_Dataset extract_
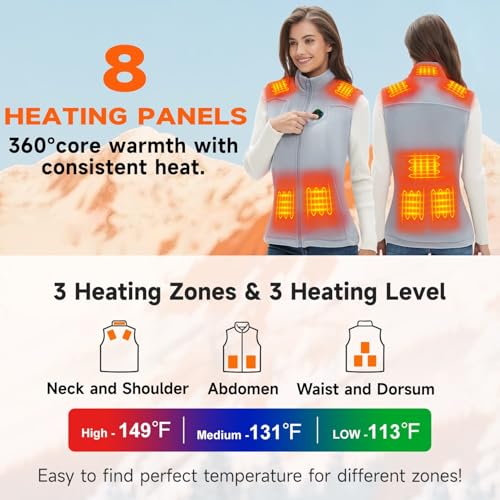 KOVNLO Heated Vest Women with Battery Pack Included, Smart Electric Lightweight Heated Jacket2
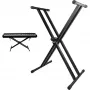 MOZOS KSX1 Suporte X-Type para teclados e pianos digitais, aço de viga única, carga 25 kg, altura 650-980 mm, dobrável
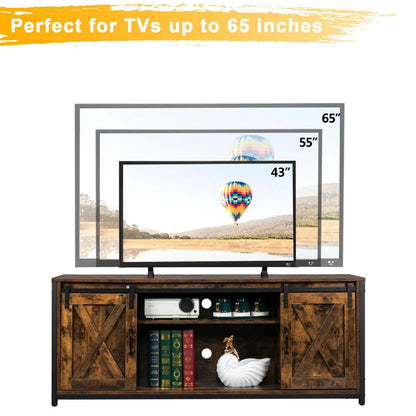 Ktaxon Farmhouse TV Stand for 65'' TVs, Rustic Natural Brown Entertainment Center, Barn Doors TV Cabinet with Storage Cubes Furniture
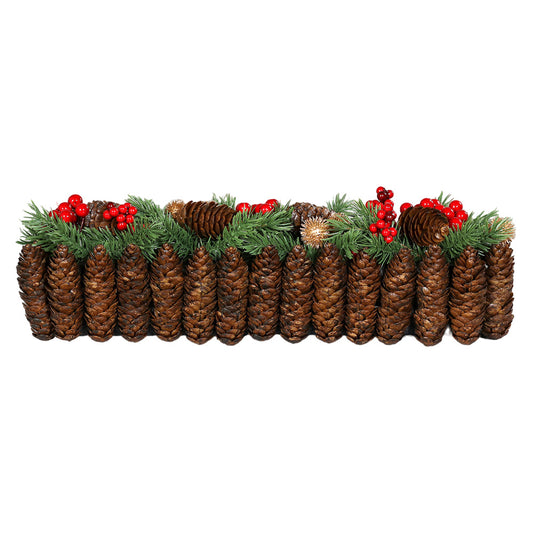Aranjament Winter Dream, verde/maro, 45x13 cm - SIMONA'S CHRISTMAS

_Work to complete_
Write out the data exactly, and exclude every picture it holds.

_Result for this task_
 KOVNLO Heated Vest Women with Battery Pack Included, Smart Electric Lightweight Heated Jacket2
 MOZOS KSX1 Suporte X-Type para teclados e pianos digitais, aço de viga única, carga 25 kg, altura 650-980 mm, dobrável
 Ktaxon Farmhouse TV Stand for 65'' TVs, Rustic Natural Brown Entertainment Center, Barn Doors TV Cabinet with Storage Cubes Furniture
Aranjament Winter Dream, verde/maro, 45x13 cm - SIMONA'S CHRISTMAS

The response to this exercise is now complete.